タンパク質を含むサンプル中の少なくとも1つのタンパク質を定量するための本発明で提供された方法は、関心の異なるタンパク質を定量するのに広範囲に適用可能である。例えば、診断アッセイ又は予後アッセイを開発し、これによってサンプル中の1つ以上のタンパク質のレベルを本発明を使用して決定することができる。
1つの態様において、ペプチドコンボを使って、サンプル中の1つ以上の特定のタンパク質の公知のスプライスバリアントを定量できる。特定のスプライスバリアントが特定のタンパク質から判明し、スプライスバリアントを検出することが目的であれば、特定のタンパク質のスプライスバリアントにのみ対応する合成参照ペプチドの合成が可能である。実際、エキソンがスキップすることにより新たな接合点が形成されるのはよくあることで、親タンパク質では起こらずスプライスバリアントでのみ起こる、このような特定の参照ペプチドを選択可能である。しかし多くの場合、親タンパク質と、対象となるスプライスバリアントとを区別するために、2つ以上の参照ペプチドを選択するのが賢明である。また同一の細胞又は組織において特定のスプライスバリアントが親タンパク質と共に発現するのはよくあることで、したがって、両者がサンプル中に存在する。特定のスプライスバリアントと親タンパク質の発現レベルが異なるのはしばしばあることである。スプライスバリアントとその親タンパク質間の発現レベルの計算に参照ペプチド間の検出と存在量を使用できる。

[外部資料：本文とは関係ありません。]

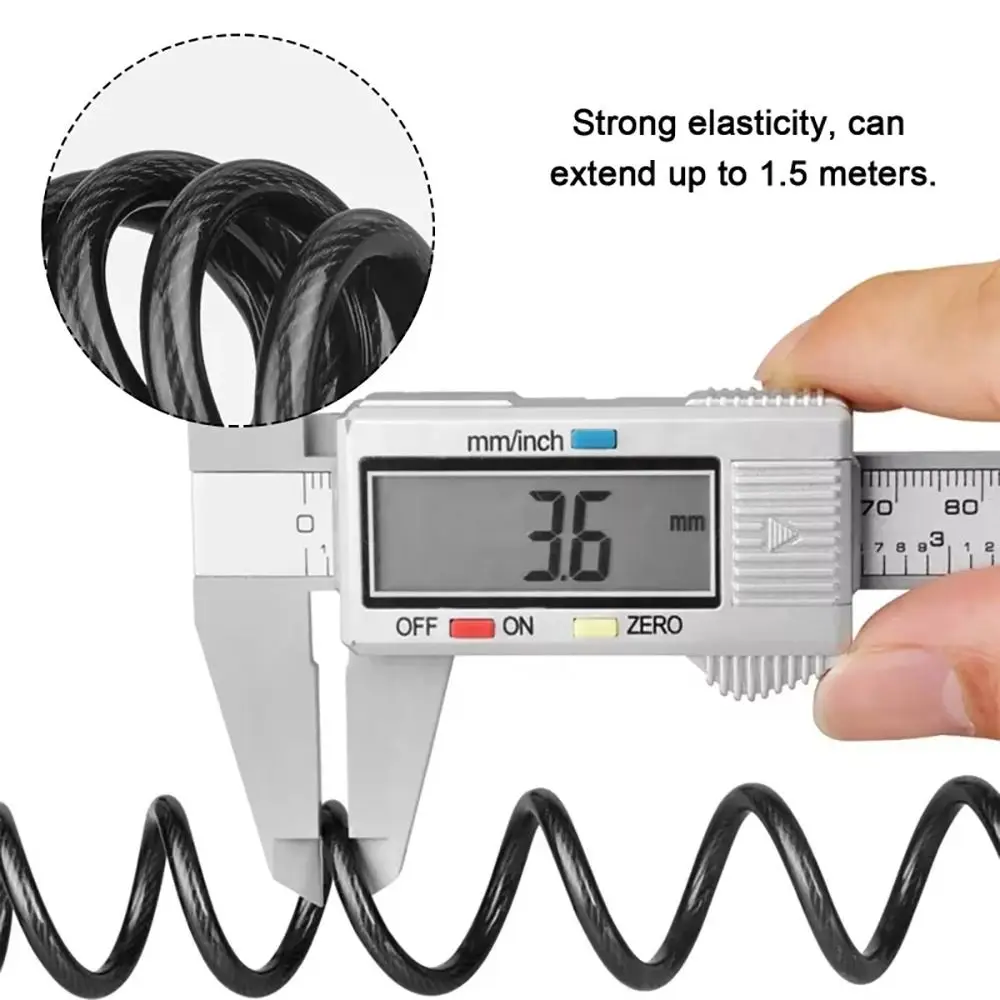 

1Pcs 4 Digits Password Spring Bicycle Lock Portable Security Steel Wire Locks Anti-theft Mini Helmet Lock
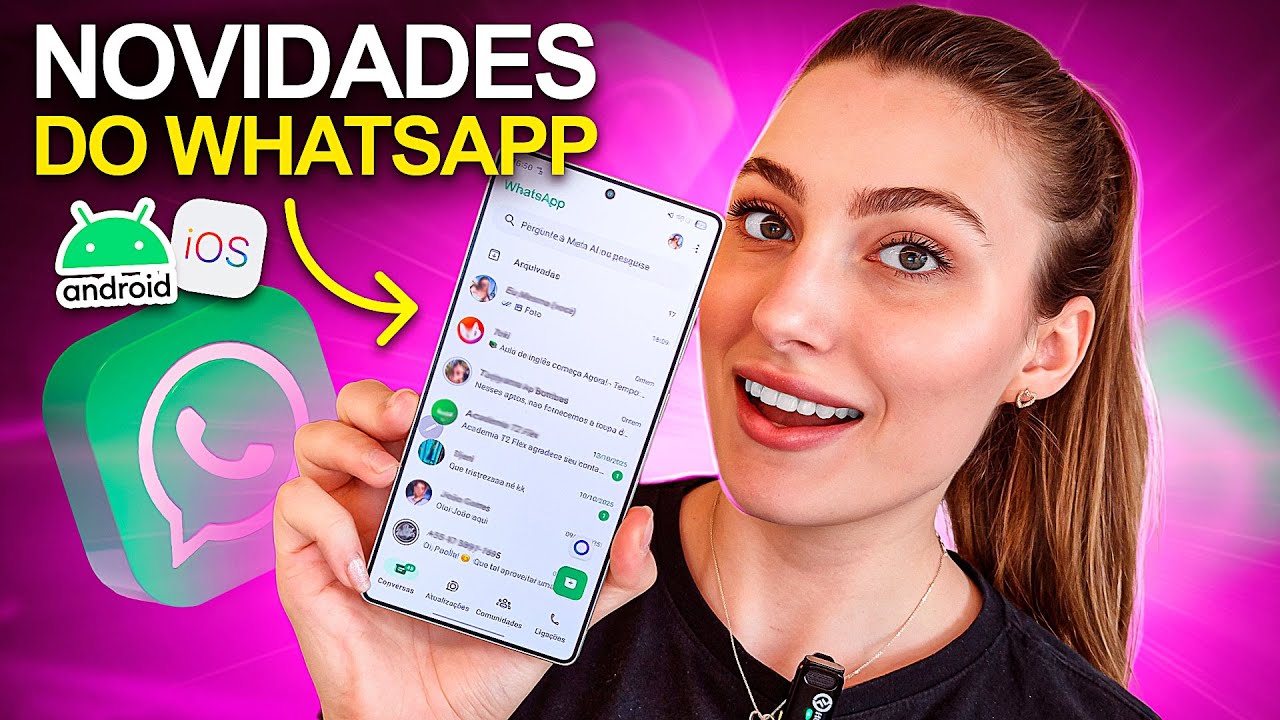🔴WHATSAPP ATUALIZOU - nome  de usuário @, temas com IA,liquid glass no wpp e +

さらに他の態様において、薬物が細胞中の特定のタンパク質の発現に大きな影響を与えうることは公知である。本方法を用いて、異なる実験条件下で対象となる1つのタンパク質又はタンパク質のセットの量を正確に測定可能である。このように、ゲノムの適用のような同等の技術を、薬理プロテオミックス及び毒物プロテオミックスを含むタンパク質レベルに適用することができる。ヒト遺伝子の配列決定がなされたこともあり疾患の遺伝子マーカーはかなりの注目を集めているが、タンパク質マーカーは多くの状況でより有用である。例えば、タンパク質疾患マーカーを表すペプチドコンボに基づいた診断アッセイは、基本的には対象となる任意の疾患用に開発可能である。最も都合がよいことには、このような疾患マーカーは細胞中、組織中又は臓器サンプル中、又は例えば血液細胞、血漿、血清、尿、精液、つば、唾液、腹腔洗浄液、糞便、涙液、乳首吸引液、滑液若しくは脳脊髄液を含む体液中で定量可能である。次いで、タンパク質疾患マーカーのための参照ペプチドは、本発明により、例えば、疾患の進行が速い患者か又は遅いか患者か、患者がある種の疾患を発症する可能性があるか、をモニタリングするのに使用可能で、そして治療の有効性をもモニターするのに使用できる。実際、SNPのような遺伝子マーカーとは対照的に、特定の疾患を示すタンパク質疾患マーカーのレベルは、疾患の変調又は進行に応じて速やかに変化する。タンパク質疾患マーカーのための参照ペプチドは、本発明により、複雑な遺伝病、例えばガン、肥満、糖尿病、喘息及び炎症、うつ病、躁病、パニック障害及び総合失調症を含む精神神経疾患の改良された診断にも使用し得る。これらの疾患の多くは、複数の細胞及び生化学的な経路及び事象に反映される複雑な事象により発症する。したがって、多くのタンパク質マーカーがこれらの疾患に相関していることが分かるようになる。本発明により1つから数百のタンパク質疾患マーカーを同時に定量することができる。さらに本発明を使用したタンパク質マーカーの絶対定量により、正確な診断の下位分類ができるようになる。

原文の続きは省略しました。